RECORDS FOR THE TASK:
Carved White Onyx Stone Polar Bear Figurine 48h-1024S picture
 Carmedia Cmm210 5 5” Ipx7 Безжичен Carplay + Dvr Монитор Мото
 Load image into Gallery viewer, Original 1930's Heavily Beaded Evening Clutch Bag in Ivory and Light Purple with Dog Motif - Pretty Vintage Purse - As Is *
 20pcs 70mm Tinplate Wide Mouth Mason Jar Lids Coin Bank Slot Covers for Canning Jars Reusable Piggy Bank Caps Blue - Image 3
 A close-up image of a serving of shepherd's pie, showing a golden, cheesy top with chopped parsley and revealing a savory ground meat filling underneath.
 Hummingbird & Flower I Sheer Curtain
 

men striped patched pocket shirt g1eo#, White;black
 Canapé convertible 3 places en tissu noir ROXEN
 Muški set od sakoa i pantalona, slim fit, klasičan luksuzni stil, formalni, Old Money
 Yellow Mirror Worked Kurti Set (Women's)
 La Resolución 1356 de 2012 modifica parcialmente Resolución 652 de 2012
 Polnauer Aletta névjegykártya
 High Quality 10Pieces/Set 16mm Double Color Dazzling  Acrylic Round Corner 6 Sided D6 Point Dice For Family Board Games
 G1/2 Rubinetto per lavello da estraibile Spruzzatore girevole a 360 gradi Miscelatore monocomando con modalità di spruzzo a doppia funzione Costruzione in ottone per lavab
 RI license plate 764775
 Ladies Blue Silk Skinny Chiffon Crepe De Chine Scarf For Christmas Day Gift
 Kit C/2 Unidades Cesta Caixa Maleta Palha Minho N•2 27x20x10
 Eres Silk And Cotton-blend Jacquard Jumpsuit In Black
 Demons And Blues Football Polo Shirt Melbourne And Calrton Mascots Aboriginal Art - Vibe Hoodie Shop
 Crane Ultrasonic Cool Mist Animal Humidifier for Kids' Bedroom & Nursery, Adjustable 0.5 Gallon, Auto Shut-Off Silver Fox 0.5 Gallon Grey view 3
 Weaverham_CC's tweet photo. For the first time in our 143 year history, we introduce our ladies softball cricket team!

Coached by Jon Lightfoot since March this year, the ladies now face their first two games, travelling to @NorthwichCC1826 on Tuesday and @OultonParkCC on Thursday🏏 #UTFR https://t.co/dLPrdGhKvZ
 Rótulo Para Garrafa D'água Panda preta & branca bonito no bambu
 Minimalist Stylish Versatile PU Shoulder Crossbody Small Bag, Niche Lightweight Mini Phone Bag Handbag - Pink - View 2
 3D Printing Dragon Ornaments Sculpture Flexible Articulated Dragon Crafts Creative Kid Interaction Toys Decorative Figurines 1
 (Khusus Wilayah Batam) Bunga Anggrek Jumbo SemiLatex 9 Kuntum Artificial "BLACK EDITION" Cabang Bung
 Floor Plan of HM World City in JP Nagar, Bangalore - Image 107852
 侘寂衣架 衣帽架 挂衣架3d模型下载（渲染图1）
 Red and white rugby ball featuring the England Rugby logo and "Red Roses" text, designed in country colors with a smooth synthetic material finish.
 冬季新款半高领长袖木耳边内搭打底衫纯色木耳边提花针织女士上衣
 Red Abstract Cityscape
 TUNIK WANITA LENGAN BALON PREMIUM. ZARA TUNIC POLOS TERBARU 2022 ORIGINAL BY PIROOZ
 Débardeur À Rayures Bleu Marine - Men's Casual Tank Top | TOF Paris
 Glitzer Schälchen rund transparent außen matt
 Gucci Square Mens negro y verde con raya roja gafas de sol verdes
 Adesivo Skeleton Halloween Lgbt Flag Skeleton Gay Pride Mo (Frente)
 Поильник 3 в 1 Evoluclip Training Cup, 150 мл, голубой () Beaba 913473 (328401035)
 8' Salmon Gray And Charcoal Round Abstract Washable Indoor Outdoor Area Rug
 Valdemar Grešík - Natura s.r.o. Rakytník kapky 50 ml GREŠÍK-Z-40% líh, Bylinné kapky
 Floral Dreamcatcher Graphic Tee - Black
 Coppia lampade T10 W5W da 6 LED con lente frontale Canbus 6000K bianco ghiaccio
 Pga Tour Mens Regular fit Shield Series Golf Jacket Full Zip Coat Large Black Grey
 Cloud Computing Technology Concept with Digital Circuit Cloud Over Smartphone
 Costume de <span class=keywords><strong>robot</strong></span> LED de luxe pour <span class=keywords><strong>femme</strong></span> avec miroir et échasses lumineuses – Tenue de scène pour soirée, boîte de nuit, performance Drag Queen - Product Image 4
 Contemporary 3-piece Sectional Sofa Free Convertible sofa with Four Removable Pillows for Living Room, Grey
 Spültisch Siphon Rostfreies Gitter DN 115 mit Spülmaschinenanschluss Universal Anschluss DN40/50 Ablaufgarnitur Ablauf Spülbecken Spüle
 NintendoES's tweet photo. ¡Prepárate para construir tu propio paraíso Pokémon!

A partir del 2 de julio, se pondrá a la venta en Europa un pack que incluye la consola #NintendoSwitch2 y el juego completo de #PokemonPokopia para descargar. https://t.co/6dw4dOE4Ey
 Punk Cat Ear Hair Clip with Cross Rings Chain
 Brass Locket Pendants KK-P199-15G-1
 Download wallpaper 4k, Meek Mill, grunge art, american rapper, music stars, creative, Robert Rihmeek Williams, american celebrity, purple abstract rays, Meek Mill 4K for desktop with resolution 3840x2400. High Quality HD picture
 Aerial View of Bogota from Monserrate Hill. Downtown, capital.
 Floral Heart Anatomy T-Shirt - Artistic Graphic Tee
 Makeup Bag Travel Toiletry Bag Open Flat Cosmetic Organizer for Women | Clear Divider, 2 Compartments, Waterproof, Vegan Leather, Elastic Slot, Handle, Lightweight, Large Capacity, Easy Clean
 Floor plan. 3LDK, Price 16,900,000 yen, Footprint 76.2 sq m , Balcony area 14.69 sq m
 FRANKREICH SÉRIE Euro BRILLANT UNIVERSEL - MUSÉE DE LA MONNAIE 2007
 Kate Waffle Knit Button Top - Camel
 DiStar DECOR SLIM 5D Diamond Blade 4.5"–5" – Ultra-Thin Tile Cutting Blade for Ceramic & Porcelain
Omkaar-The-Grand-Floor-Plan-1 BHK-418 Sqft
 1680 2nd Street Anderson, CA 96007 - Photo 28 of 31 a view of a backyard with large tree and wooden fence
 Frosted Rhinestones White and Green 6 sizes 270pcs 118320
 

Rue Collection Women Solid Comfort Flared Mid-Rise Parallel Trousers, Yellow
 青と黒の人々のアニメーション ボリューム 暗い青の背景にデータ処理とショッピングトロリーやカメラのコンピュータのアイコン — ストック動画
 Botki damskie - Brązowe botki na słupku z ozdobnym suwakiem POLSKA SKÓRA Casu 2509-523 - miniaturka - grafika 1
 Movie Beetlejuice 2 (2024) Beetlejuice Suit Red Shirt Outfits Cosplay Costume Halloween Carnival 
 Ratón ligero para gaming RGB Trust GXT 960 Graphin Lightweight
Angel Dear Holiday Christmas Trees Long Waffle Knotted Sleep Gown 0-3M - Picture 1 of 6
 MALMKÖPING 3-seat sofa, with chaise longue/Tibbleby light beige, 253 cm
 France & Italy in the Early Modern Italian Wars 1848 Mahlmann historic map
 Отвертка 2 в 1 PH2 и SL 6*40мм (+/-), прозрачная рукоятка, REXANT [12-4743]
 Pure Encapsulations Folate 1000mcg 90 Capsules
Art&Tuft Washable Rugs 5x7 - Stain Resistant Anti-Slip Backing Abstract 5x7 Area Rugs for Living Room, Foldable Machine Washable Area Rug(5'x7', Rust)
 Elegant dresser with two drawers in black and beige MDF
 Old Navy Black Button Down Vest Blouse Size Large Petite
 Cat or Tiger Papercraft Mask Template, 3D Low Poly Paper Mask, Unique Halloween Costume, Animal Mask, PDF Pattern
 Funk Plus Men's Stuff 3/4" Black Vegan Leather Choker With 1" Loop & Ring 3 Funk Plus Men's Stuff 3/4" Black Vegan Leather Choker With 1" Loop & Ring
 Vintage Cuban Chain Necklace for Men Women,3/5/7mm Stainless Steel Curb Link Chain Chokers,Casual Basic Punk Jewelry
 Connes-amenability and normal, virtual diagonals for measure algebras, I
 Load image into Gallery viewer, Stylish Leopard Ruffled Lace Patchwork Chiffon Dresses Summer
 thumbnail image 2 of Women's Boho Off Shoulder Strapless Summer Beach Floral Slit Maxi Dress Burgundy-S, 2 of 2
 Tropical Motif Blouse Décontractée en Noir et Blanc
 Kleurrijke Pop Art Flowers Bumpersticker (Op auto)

YOUR GOAL:
Using the data above, transcribe the lines that run from the line with "MALMKÖPING 3-seat sofa, with" to the line with "Pure Encapsulations Folate", both ends kept, and output nothing else.

OUTPUT OF THE EXERCISE:
 MALMKÖPING 3-seat sofa, with chaise longue/Tibbleby light beige, 253 cm
 France & Italy in the Early Modern Italian Wars 1848 Mahlmann historic map
 Отвертка 2 в 1 PH2 и SL 6*40мм (+/-), прозрачная рукоятка, REXANT [12-4743]
 Pure Encapsulations Folate 1000mcg 90 Capsules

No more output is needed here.